Ashabi kehf bunları duyunca çok sevinir ve sevinç gözyaşı döker. Fakat uyandıktan sonra pek uzun yaşamaz ve Allah’ın mucizesinden haberdar olduktan sonra Allah’tan onları eski haline geri döndürmeyi talep eder. Kur'an'ı Kerim surenin 21. ayetinde şöyle buyurur: Böylece (insanları) onlardan haberdar ettik ki, Allah'ın vâdinin hak olduğunu, kıyametin şüphe götürmez olduğunu bilsinler.
Hani onlar aralarında Ashâb-ı Kehfin durumunu tartışıyorlardı. Dediler ki: "Üzerlerine bir bina yapın. Rableri onları daha iyi bilir." Onların durumuna vâkıf olanlar ise: "Bizler, kesinlikle onların yanı başlarına bir mescit yapacağız" dediler. Kehf suresindeki ayetlerin devamında İslam Peygamberi’nin –s– müstekbir ve fasık eşraf tarafından yoksul müminleri dışlamak üzere baskı altında tutulduğunu anlatır. Yüce Allah ise peygamberine artan bu baskılara karşı direnmesini ve asla teslim olmamasını emreder.
Surenin 28. ayetinde şöyle buyurur: Sabah akşam Rablerine, O'nun rızasını dileyerek dua edenlerle birlikte candan sebat et. Dünya hayatının süsünü isteyerek gözlerini onlardan çevirme. Kalbini bizi anmaktan gafil kıldığımız, kötü arzularına uymuş ve işi gücü aşırılık olan kimseye boyun eğme.

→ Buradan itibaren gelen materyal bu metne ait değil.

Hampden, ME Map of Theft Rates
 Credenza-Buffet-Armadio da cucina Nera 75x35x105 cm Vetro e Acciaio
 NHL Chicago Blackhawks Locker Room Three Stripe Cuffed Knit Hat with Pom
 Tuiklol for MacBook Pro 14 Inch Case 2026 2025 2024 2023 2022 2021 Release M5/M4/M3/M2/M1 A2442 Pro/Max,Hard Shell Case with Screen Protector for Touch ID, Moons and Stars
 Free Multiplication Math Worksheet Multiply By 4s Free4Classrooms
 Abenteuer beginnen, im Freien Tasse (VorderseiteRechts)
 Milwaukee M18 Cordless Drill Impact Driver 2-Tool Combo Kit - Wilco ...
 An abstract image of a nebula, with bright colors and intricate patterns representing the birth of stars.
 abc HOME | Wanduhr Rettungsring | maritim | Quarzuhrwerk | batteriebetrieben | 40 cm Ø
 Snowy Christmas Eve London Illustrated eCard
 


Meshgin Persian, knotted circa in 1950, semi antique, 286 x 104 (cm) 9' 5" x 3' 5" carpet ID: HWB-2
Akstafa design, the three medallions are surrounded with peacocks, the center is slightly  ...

Gerçekte bir toplumda bir kesim refah içinde yaşar ve israf ve fesada batar ve bir başka kesim en ilkel haklardan mahrum yaşarsa, o toplumun sağlıklı insani bir toplum olduğu söylenemez ve içinde var olan ayrımcılık ve adaletsizlik yüzünden de İslam tarafından kabul görmez.
Bu yüzden Allah Resulü –s– eşraf ve zengin kesimlere karşı durmak ve yoksul kesimlere meydan vermek suretiyle tevhidi bir toplum inşa etti ve bu toplumun bireylerinde var olan yetenekleri geliştirdi ve bu toplumda her insanın değeri ve kişiliği takvası ve imanı ve cihadı ve salih ameli ile belirlendi.